Single by Carabao
- Released: 1984
- Recorded: Sri Siam Studio
- Genre: Phuea Chiwit
- Length: 4.10 minutes
- Songwriter: Yuenyong Opakul
- Producer: Yuenyong Opakul

= Made in Thailand (song) =

Made in Thailand was composed by Yuenyong Opakul (Aed Carabao) and appears on Carabao’s fifth studio album, Made in Thailand, released in 1984.

== History ==
Yuenyong composed the song following a suggestion from Paiboon Damrongchaitham, Managing Director of Grammy Entertainment, who proposed writing a song to encourage support for Thai-made products amid the widespread use of imported goods, in line with government policy under then-Prime Minister General Prem Tinsulanonda. Musically, the band incorporated both Khlui and Flutes, inspired by a fusion jazz piece noted by the then-band’s manager, Bee Del Rosario. The song was completed and released in late 1984 as the title track of the album Made in Thailand, with Grammy overseeing its promotion.

== Released and Success ==
When this song was released, it quickly gained popularity, leading to the album selling over 5 million copies. This is considered Carabao's most famous album during their classic era with all seven members present. Part of this success was the "Made by Thai People" concert at the Velodrome in Hua Mak Stadium, and it marked the first time Carabao became involved with a government agency. They initially produced a music video to promote the use of domestically produced goods, but this did not involve promoting the album itself.

The song has also been well received by international audiences due to its universal themes, contributing to the band's recognition in several countries, including the United States. As a result, Carabao released an alternative version titled “Made in Thailand in USA,” which incorporates English lyrics aimed at an American audience. The English vocals were performed by Thierry Mekwattana, while Yuenyong continued to sing the Thai version, with minor alterations to the first verse, including improvised spoken lines.

Later, the same song was produced in various versions, with modifications to the lyrics to suit economic conditions or times, but retaining the original musical structure, using Khlui as a symbol representing Thailand.

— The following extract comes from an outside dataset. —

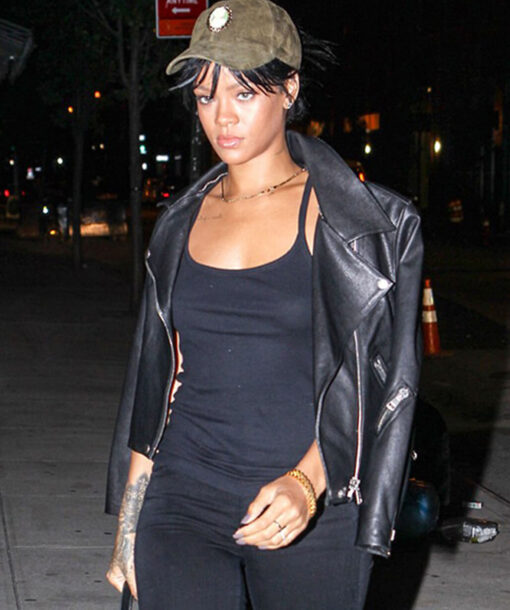 Rihanna Biker Jacket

- First version: Made in Thailand (Original) / 1984
- Second version: Made in Thailand in USA / 1985. The Thai lyrics remained the same. Later included in the Carabao compilation album in 1986.
- Third version: Made in Thailand '40 / 1997, in the album "Senthang Sai Pla Daek" (The Fermented Fish Paste Route). The lyrics were completely changed, and the music was enhanced with a brass section, female chorus, and spoken words mentioning the song's 12th anniversary.